### WORK INSTRUCTIONS:
Beginning at the line that contains "Condo in Miami" and finishing at the line that contains "Aircraft Photo of", output the data below exactly. Include both end lines and no pictures.

### RECORD SET:
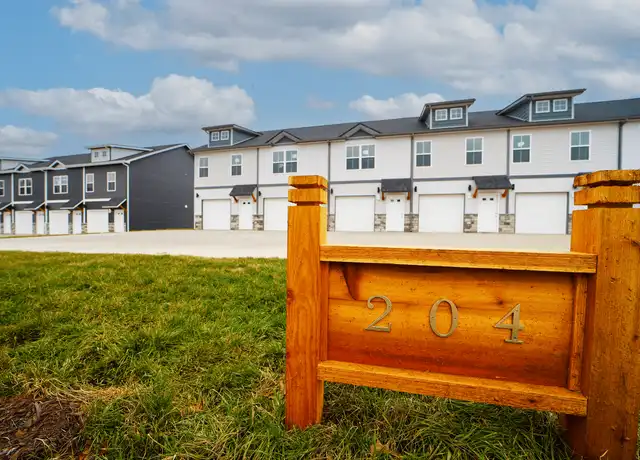 Property at 204 Drayton Dr Unit D, Clarksville, TN, 37042, 2 beds, 2.5 baths, [object Object]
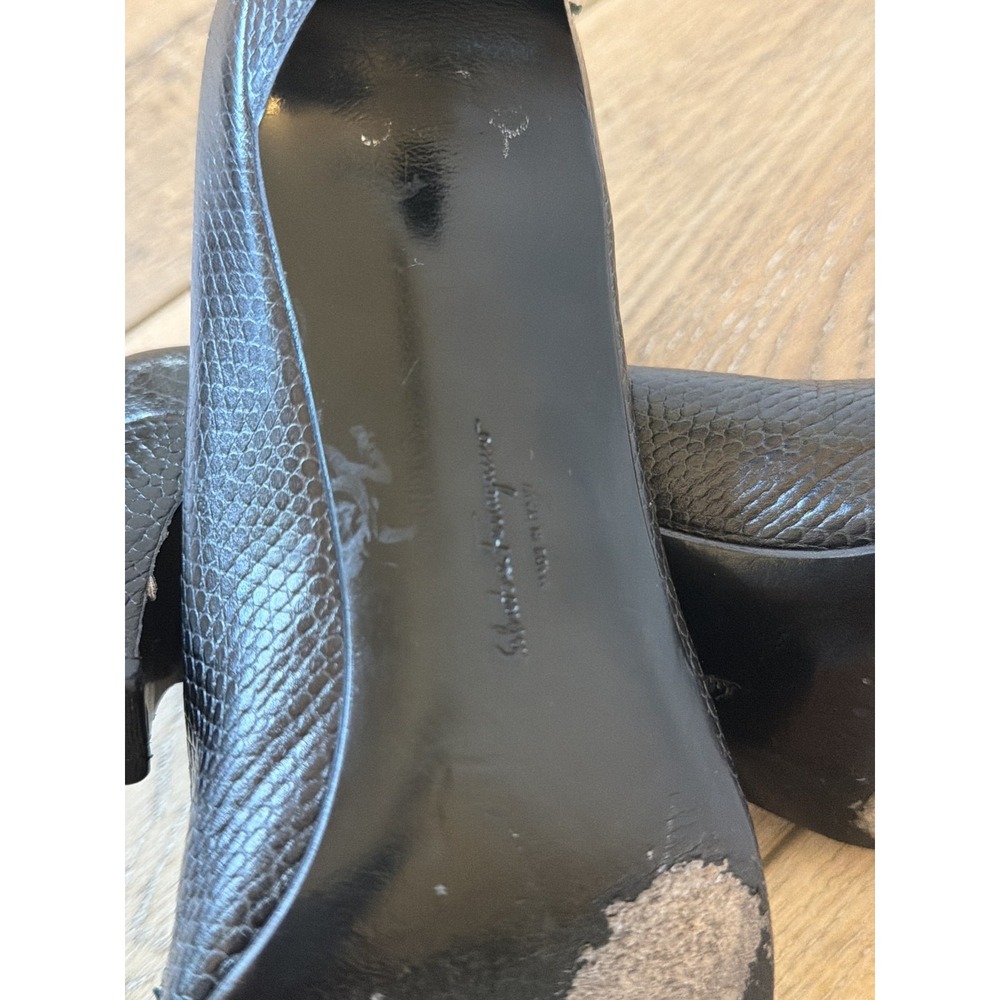 Salvatore Ferragamo Kitten Heel Pumps Women 9 Black Good Embossed Pointed Toe - Picture 7 of 9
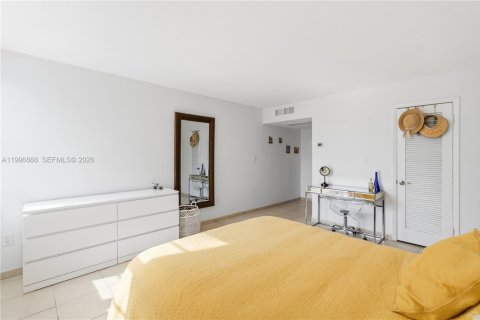 Condo in Miami Beach, Florida, 1 bedroom № 2059338 - photo 15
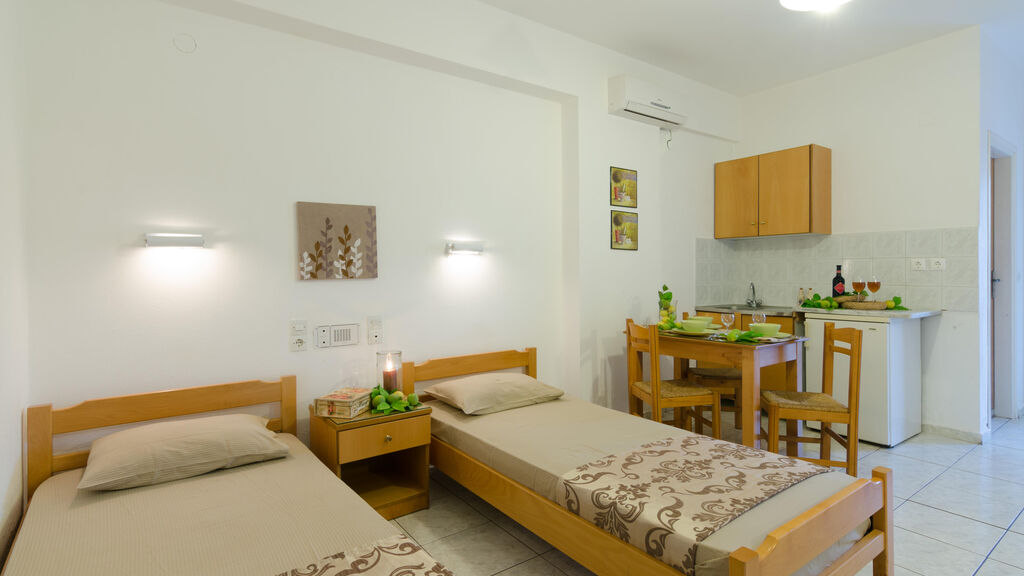 Aglaia Studio & Apartment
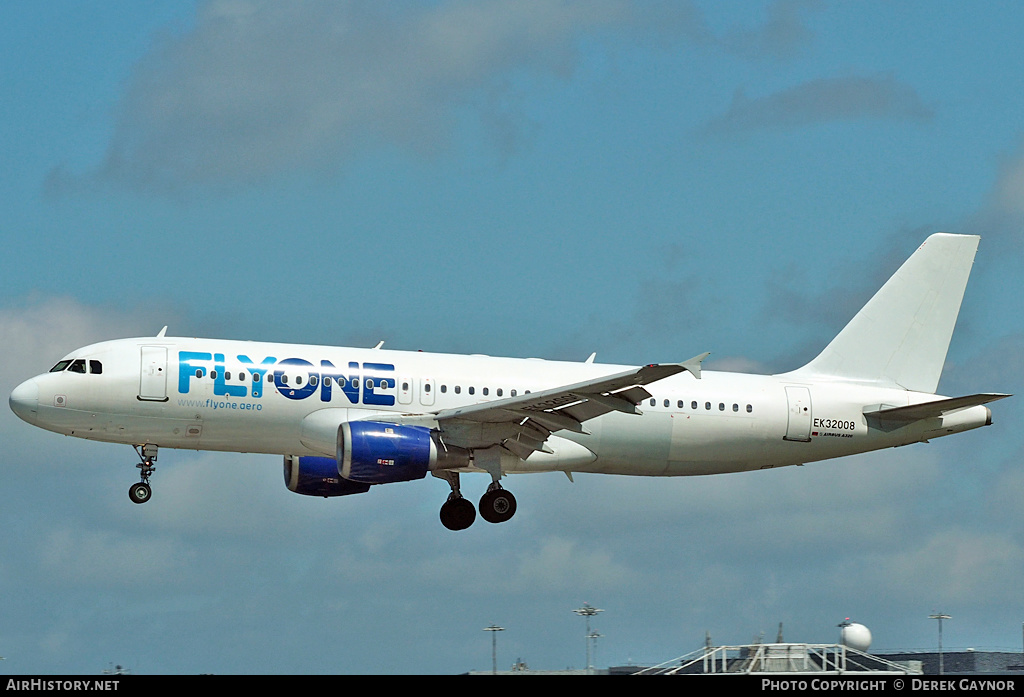 Aircraft Photo of EK32008 | Airbus A320-211 | FlyOne | AirHistory.net #235304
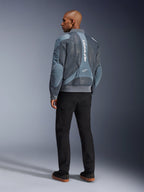 Alpinestars Flight Air Jacke, Motorradjacke in Storm Gray, Rückansicht, mit 3D-Mesh-Belüftungseinsätzen und vertikalem weißem Alpinestars-Branding, getragen mit schwarzer Hose und schwarzen Sneakern, urbaner Pendler-Stil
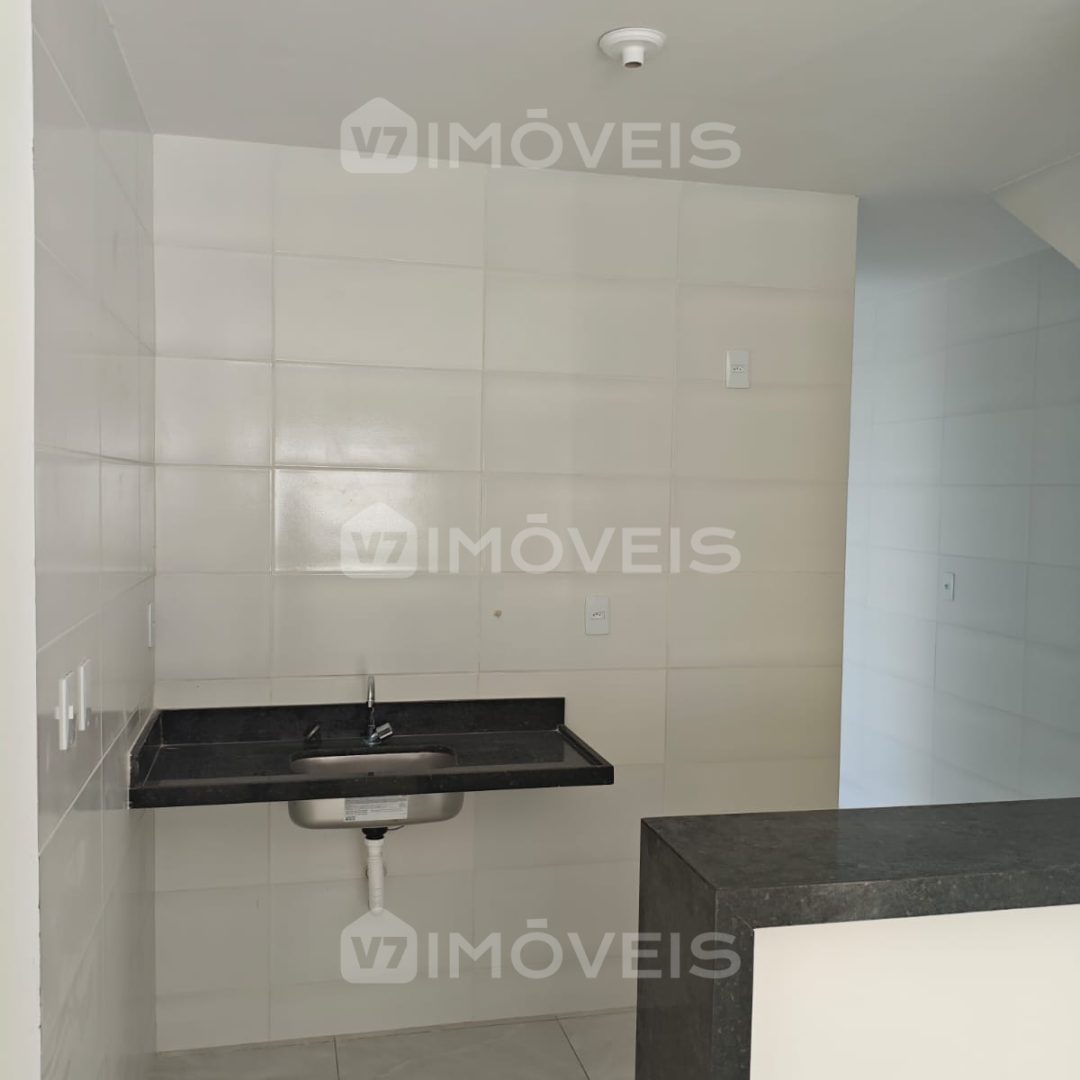 apartamento-no-residencial-vivenda-48-em-mangabeira-ii-com-2-quartos-e-area-externa-SI8H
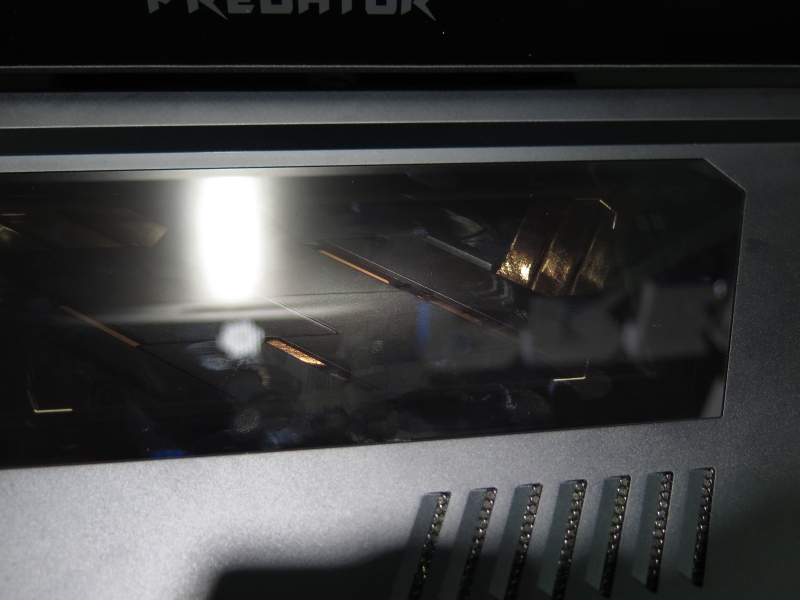 ゴリラガラスにより冷却機構が覗ける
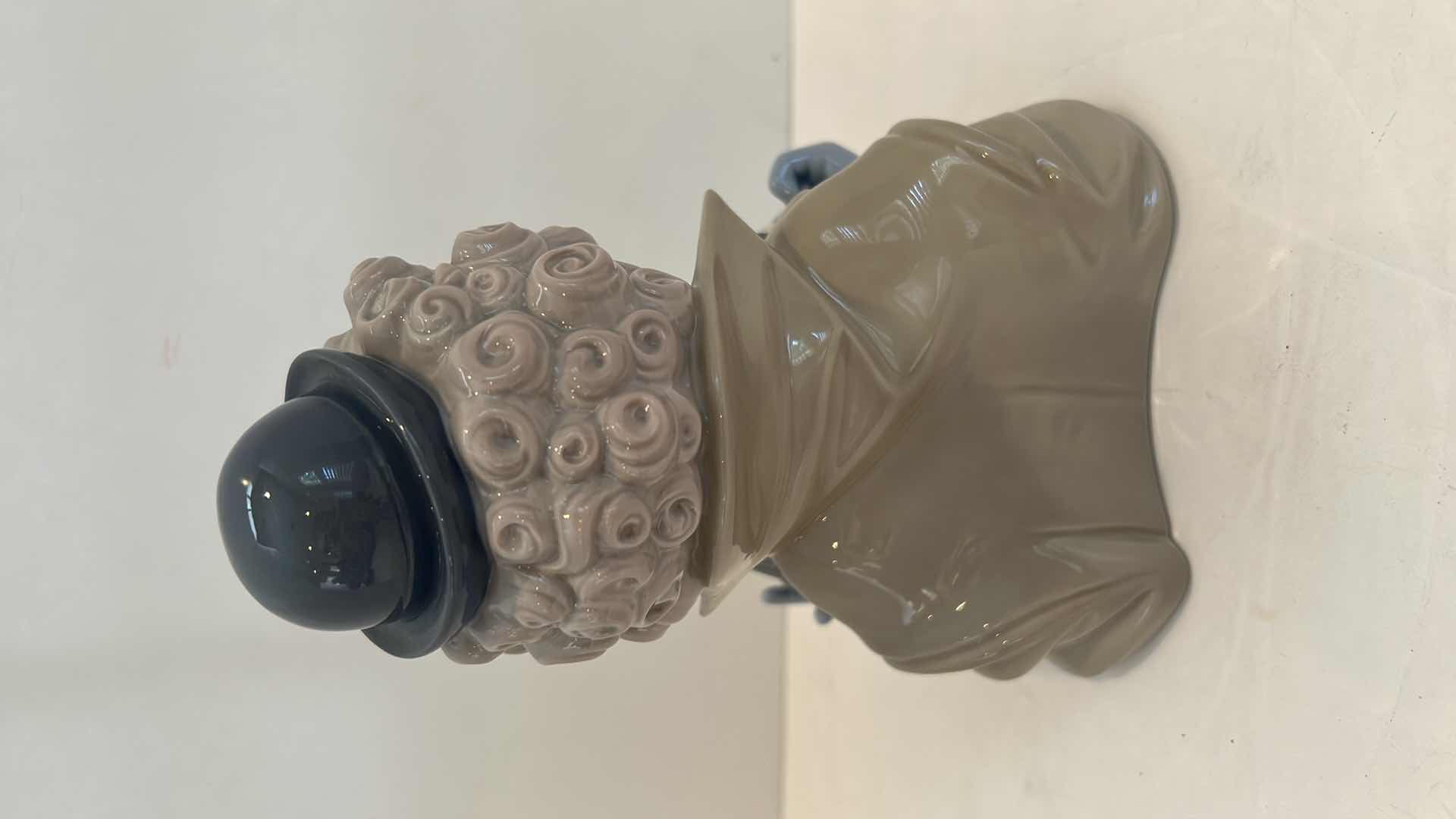 Photo 1 of LLADRO H11” PORCELAIN FIGURINE - CLOWN  “THE MAGIC OF LAUGHTER”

### RESPONSE TO THIS TASK:
 Condo in Miami Beach, Florida, 1 bedroom № 2059338 - photo 15
 Aglaia Studio & Apartment
 Aircraft Photo of EK32008 | Airbus A320-211 | FlyOne | AirHistory.net #235304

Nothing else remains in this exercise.